Battambang dzień pięćdziesiąty trzeci

 
Kambodża
Kambodża, Battambang
POPRZEDNIPOWRÓT DO LISTYNASTĘPNY
Przejechano 5324 km
 
dzień pięćdziesiąty trzeci 17 lutego

Budzik na chwilę przed 6 rano zrywa nas za snu. Poranną toaletę zakłóca niezbyt miły gość. W łazience znajdujemy małą jaszczurkę koło wanny. Nie daje się wyprosić, więc dajemy jej spokój i schodzimy na śniadanie. Chwilę przed 7 godziną w recepcji pojawia się kierowca busa, który jak mówi zabierze nas do łodzi płynącej do Battambang. Cieszymy się, bo jesteśmy już ostatni do kompletu miejsc w aucie. Jednak nasza radość nie trwa zbyt długo. Bus po przejechaniu kilkuset metrów zatrzymuje się i dowiadujemy się, że mamy przesiąść się do większego, który stoi obok z innymi turystami jadącymi w tą samą drogę. W środku jest jeszcze tylko 5 wolnych miejsc siedzących. Dwa z przodu zajmuje para z Niemiec, Kotek siada na rozkładanym siedzeniu pomiędzy rzędami. Ja na podobnym przed, a przede mną jeszcze jedna osoba. W aucie jest komplet pasażerów a na wejście czekają jeszcze dwie osoby. Przestrzeń za kierowcą z tyłu i pomiędzy siedzeniami Wypełniona jest pod sufit ogromną górą bagaży. Bardzo wyluzowany młody chłopak z obsługi, bez mrugnięcia okiem zachęca do wejścia i stania w aucie dwójce pozostałych turystów pomiędzy bagażami. Dosłownie na jednej nodze. A sam zajmuje swoje miejsce obok kierowcy i ku mojemu zdumieniu zapina pasy bezpieczeństwa. Nie przychodzi mi do głowy żadna logiczna myśl, którą można się kierować tak postępując. Witamy w Kambodży... Przeciążony na maksymalnie mini autobus, jak z kiepskiej komedii z 24 pasażerami rusza i jedziemy. Zatrzymujemy się po kolejnych 5 minutach. Kolejny człowiek z wielkim plecakiem ma wsiąść do busa. Jest to już tak zabawne, że nie ma słów, choć oczywiście może być żałosne. Jedziemy więc, z trzema osobami ponad dopuszczalną ilość.

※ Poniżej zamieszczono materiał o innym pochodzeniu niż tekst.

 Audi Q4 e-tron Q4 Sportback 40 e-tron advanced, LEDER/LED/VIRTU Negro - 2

Droga po wyjeździe z miasta zaczęła się powoli pogarszać i po 15 minutach zamieniła się dziurawą szutrówkę. Podskakiwaliśmy na siedzeniach, a najbardziej trzy osoby stojące pomiędzy nami, ściśnięte bagażami. Droga prowadziła jakby wałem, w którymś momencie ujrzeliśmy niewielki kanał, może 8-10m szerokości i kilka łódek mogących pomieścić około 40 ludzi. Brzegi były bardzo błotniste i śliskie. W niezbyt głębokiej wodzie stały co kawałek osoby i zarzucały niewielkie siatki. Zaczęto wynosić torby, walizy i plecaki z busa i zajęliśmy miejsca w łódce. Drewniane ławki miały nam służyć za dzisiejsze siedzenie na kolejne jak przypuszczaliśmy 6 godzin.

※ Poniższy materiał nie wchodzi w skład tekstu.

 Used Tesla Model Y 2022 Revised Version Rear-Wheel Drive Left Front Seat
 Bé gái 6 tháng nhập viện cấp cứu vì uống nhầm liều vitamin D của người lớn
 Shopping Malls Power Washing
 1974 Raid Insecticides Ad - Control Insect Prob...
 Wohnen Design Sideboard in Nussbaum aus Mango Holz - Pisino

W całości podróż łodzią zajęła 9 godzin. Przybyliśmy w linii prostej 80km... może mniej. Ale rzeka bardzo meandrowała, niektóre zakręty były nawet o 180 stopni. 9 godzin. Tyle jak się okazało płynęliśmy do Battambang. Z powodu obniżającego się stanu wody w jeziorze Tonle Sap, w bardzo wielu miejscach dosłownie szorowaliśmy o dno. Były miejsca gdzie lodź parę razy utknęła z tego powodu,sternik musiał cofnąć ją i z rozpędu przebić się przez płytszy odcinek.
Dodatkową "atrakcją" rejsu były kilkukrotne utraty sterowności przez lodź, czego następstwem było uderzanie w przeciwny brzeg. Część drogi płynęliśmy wąską i bardzo meandrującą rzeką. Zakola były tak ostre, że nasza może 25 metrowa jednostka nie mieściła się w niektórych. Sternik i pomocnicy odpychali wtedy dziób od brzegów, naprowadzając ja na prawidłowy kurs. Płynęliśmy zatem ze średnią prędkością 25 km/h, a na pewno tak to wyglądało.

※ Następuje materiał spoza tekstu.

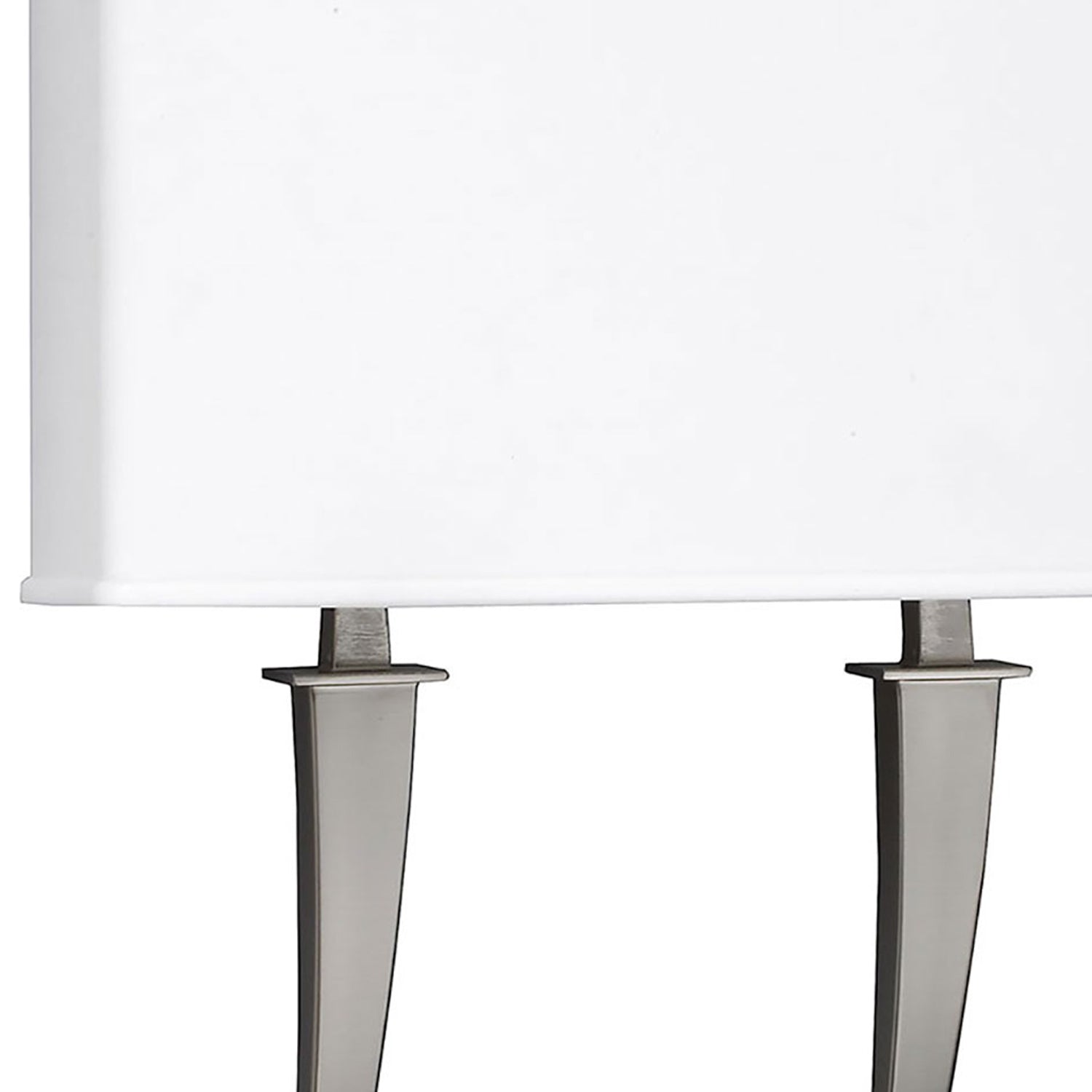 Sheridan LED Double Arm Wall Light in Detail.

W pierwszej części rzeki, gdzie woda jest jeszcze dosyć głęboka,przy samym jeziorze, na wodzie posadowionych jest sporo domostw. Nie wiem, czy można pisać, o posadowieniu na wodzie. Po prostu trzymają się na grubszych bambusowych platformach, które mają przyczepione plastikowe, odpadowe beczki, zwiększające wyporność. W tak zbudowanych domach, mieszkają na wodzie. poruszają się wszędzie łodziami. Czasem, pomiędzy jedną a drugą jest swoisty mostek, deskę po której można przejść. swoisty rodzaj tratwy zakotwiczona do drzew, rosnących na lądzie. Gdy woda przybiera, a może zwiększyć się nawet okresowo o 3 do 5 metrów w niektórych miejscach, platformy unoszą się wraz z poziomem wody, zapewniając mieszkańcom pewne swoiste bezpieczeństwo, komfort posiadania domu (o ile możemy to tak nazwać), czy też dachu nad głową.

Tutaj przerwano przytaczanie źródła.